Falls einer der Mitfahrer noch ein paar Daten für die Statistik hätte ....

bis zum nächsten Mal
Olaf


----------



## OBRADY (28. August 2005)

Hallo..

Auch von mir Vielen Dank an Janny für die Tour.Ich sage nur:" Zur richtigen Zeit am richtigen Ort"
Das wir soviel Singeltrails fahren würden  hätte ich nicht gedacht.Das es dort so viele Wurzeln gibt auch nicht.!!!

Ein toller Tag mit netten Leuten bei gutem Wetter in toller Natur.Was will man von einem Tag mit dem MTB im Norden mehr...

Hoffe auf baldige Wiederholung
Anja

@ Danke auch an den Fotografen...


----------



## NoFunAtAll (29. August 2005)

Hi

Mir hat es auch gut gefallen. 
nette Leute, gute Strecke.
--> besonderen dank an Janny, der sich in der Gegend doch noch besser auskennt als ich.


Wenn die Heideblüte vorbei ist, kann man ja mal von Buchholz aus nach Undeloh/Wilsede fahren, also wenn interesse besteht?!

Gruß
Fritz


----------



## Netghost (30. August 2005)

Moin, leute

Kleine Frage: Ihr seid Brunsberg und Umgebung gefahren?


----------



## NoFunAtAll (31. August 2005)

Ja genau. mit Büsenbachtal und bis handeloh etwa.


----------



## MTB-News.de




----------



## Netghost (1. September 2005)

*rrr* Büsenbachtal.   

Weißt einer euch von einer Waldverbindung zwischen Handeloh und Wilsede? bzw Wilseder Berge? Ich musste ab Handeloh immer ein Stück über die landstraße nach Wesel gefahren um dann bei der dortigen Heide wieder ins gelände einzusteigen. Oder auch über Menningen. Aber ein direkter Weg durchs Gelände gibts es ihmo nicht es sei denn man quält sich über die Äcker südlich von Handeloh.


----------



## NoFunAtAll (1. September 2005)

Das gt irgednwie,
Janny hat uns mal so geguidet. 
Guck einfach mal auf eine der Wanderwegkarten für Touristen. da ist das bestimmt drauf,


----------



## Smash (2. September 2005)

Moin!
Büsenbachtal -> Handeloh -> Wilseder Berg:
Wenn man vom Kiosk im Büsenbachtal aus fährt, dann folge linkseitig der Bahn dem Weg bis Handeloh Ortseingang, bis der Fußweg zur Straße wird.
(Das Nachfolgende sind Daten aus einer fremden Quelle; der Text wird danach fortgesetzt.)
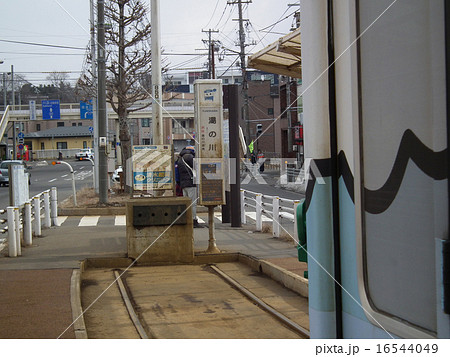 函館　市電 16544049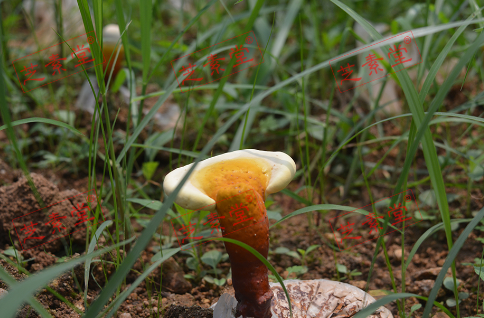 北芝堂灵芝孢子粉服用效果好不好？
Nun hat man zwei Möglichkeiten:
1) Der Straße bis zum Hotel an der Hauptstraße einige 100Meter folgen und dann auf der anderen Seite immer dem Verlauf des 'E1' Fernwanderwegs durch die Siedlung folgen. Nach ca. 500m geht der Weg in Feldwege über, bis man wieder in den Wald (und zur Seeve) gelangt.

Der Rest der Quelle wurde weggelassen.